From 2007, Red Bull Racing worked with Renault in Formula 1. The French engine supplier supplied power sources to the Milton Keynes-based team up to and including the 2018 season after which the two sides parted ways in a fighting divorce. Adrian Newey talks about where things went wrong in the relationship. He cites 2015 as a key moment, although Red Bull continued to work with Renault for three years afterwards.

When Newey in the podcast Talking Bull is asked what he learned from the period when Red Bull had to leave the world titles to Mercedes, he replies without thinking long. "Having decent engines!"

From joy over Renault engine to dissatisfaction

Between 2010 and 2013, the Austrian formation with Sebastian Vettel won four world titles in a row, using a Renault V8 engine. "We had a great relationship with the engineers at Renault. I think it's fair to say they didn't have the most powerful V8 but it was a product they tailed to suit our car. We had some particular requirements, particularly the way we used the exhaust. They bent over backwards to maximise what we needed from the engine."

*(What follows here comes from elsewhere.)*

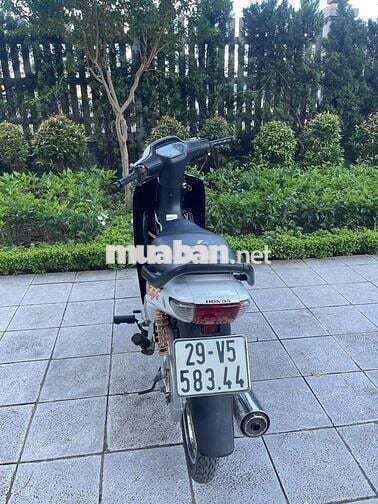 Zx trắng đen chuẩn màu cho ae chơi.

And successfully so, but from 2014, everything changed. The hybrid era took off and in it Renault turned out to have missed the mark considerably. "We then went to the hybrid era. Renault, in the first year, interpreted the regulations not as well as Mercedes. We were a long way behind. In the first year you accept that", Newey says. "We all make mistakes, chassis, engine. New regulations you can get it right or wrong. They got it wrong. They made a lot of promises to sort it out for 2015. When the engine at the start of 15 seemed worse than 14, that was a pretty dissolution moment."

Red Bull disappointed

In the first months of 2015, Christian Horner, Helmut Marko and Newey visited Renault themselves. Red Bull wanted answers to a number of questions and to be sure that improvement would follow. "We didn't receive much assurance that there was a real desire to sort that out. That was a pretty depressing moment in truth. You then realise that in the foreseeable future, if you do a spectacular job you might snatch the odd win here or there but you're never going to win the championship. So that was a reset."

Switching to another engine supplier quickly was out of the question at the time, as Mercedes and Ferrari were unwilling to supply power units to a direct competitor and Honda had its own major problems with McLaren at the time.

For the men at Red Bull, it all meant quite a setback, but they kept their spirits up. "But it's part of life. One of the strengths of the team is that we put our heads down and got through that period so that when we had a good power unit again with our partnership with Honda then we were able to respond," Newey concludes his story.